Last reviewed: 5 October 2022
Employee disability networks are something you’d normally expect to see at larger organisations, however, they can also be a great way for small businesses to create spaces for employees, disabled and non-disabled, are able to discuss ways to make products and services more accessible to customers and improve their work environments.
There are three main types of employee networks
- Steering groups
These are usually led lead by the organisation, and typically have a strategic focus.
- Disabled Employee Networks
Usually led by employees, and predominantly to support one another and to be a ‘voice’ for disabled employees in the organisation.
- Consultation networks
These are used by the organisation to consult with disabled employees on changes to policies or practices to ensure that disability impact and feedback from disabled people is considered during policy formation or reviewing working practices.
What to consider when creating an employee disability network:
Who is it for?
Be clear on who the network or group is for – for example:
- Disabled employees
- Employees with health conditions
- People who become disabled
- Those who care for someone with a disability
- Those with an interest in disability
- The business
The answer should also feed back into the purpose of the group.
What does the network or group need?
- Who will sponsor the network? This will ideally be someone in the senior management team, such as the owner of the business.
- Who will lead the network, and what will their role be – i.e. what do you want them to do?
Also consider the following:
- As well as considering what the network or group needs from the organisation, consider what the organisation needs from the group.
- An effective network is one that is structured, organised, and works to assist the delivery of the organisation’s overall equality and/or disability-related objectives.
What are the objectives of the network?
Make sure the remit, and purpose of the network is defined. Sometimes businesses use networks as a source of expertise on managing disability in the workplace, and this is not always appropriate. This is why it’s important to establish exactly what the network is there to do in agreement with the business.

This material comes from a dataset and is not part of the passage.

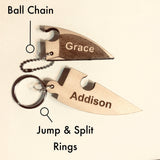 volleyball puzzle keychains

Other key points to consider:
- Do not assume that all people with disabilities or long-term conditions in your organisation will be active members of the network you develop.

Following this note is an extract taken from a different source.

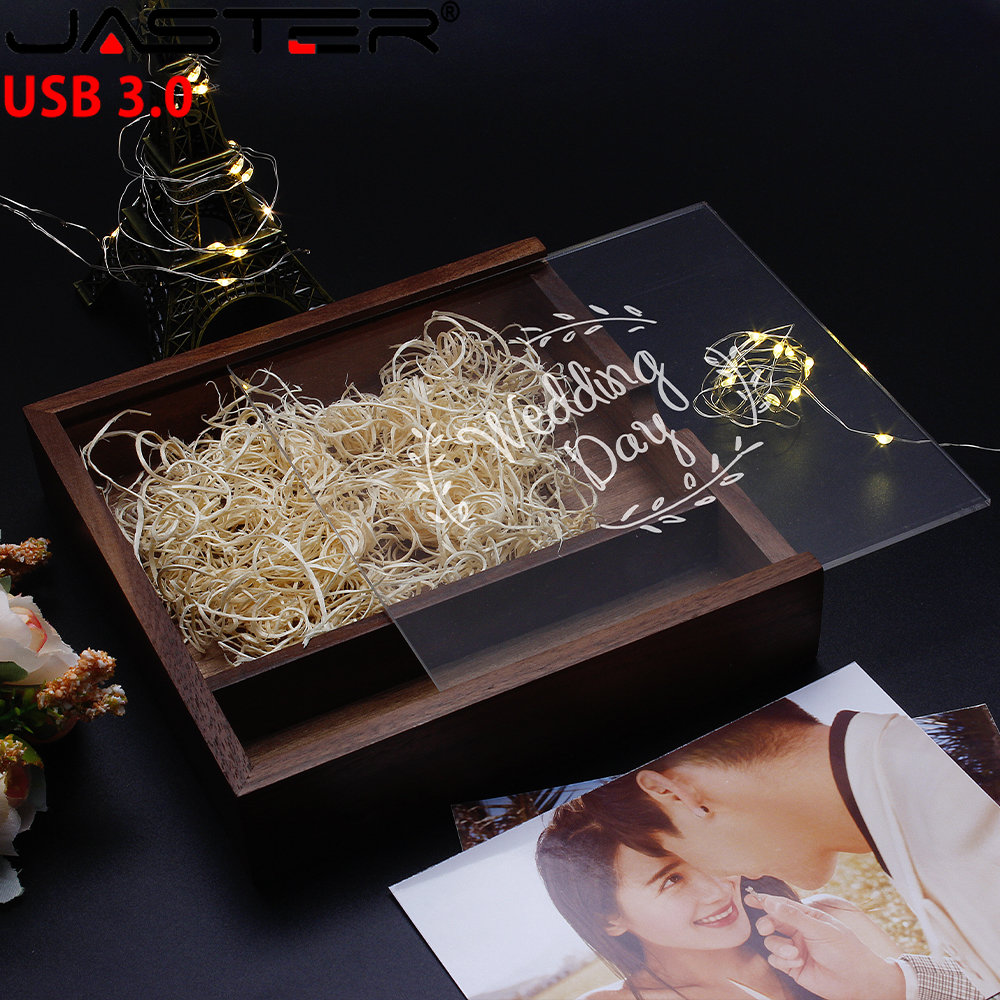 JASTER Wooden Box USB Flash Dr - огляд і ціна Industrial Laser Pen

- This means you will still need to be communicating with your whole organisation on disability-related issues, not solely relying on the group or network member-base to give you a ‘full’ picture of what it is that you want to know – from changes to policies, building alterations, to renewing supplier contracts (for example).
- Employee disability networks can be a very useful exercise to creating an inclusive culture in your organisation and to be truly effective, recommendations made by the group need to be clearly communicated to management teams and considered when shaping business decisions.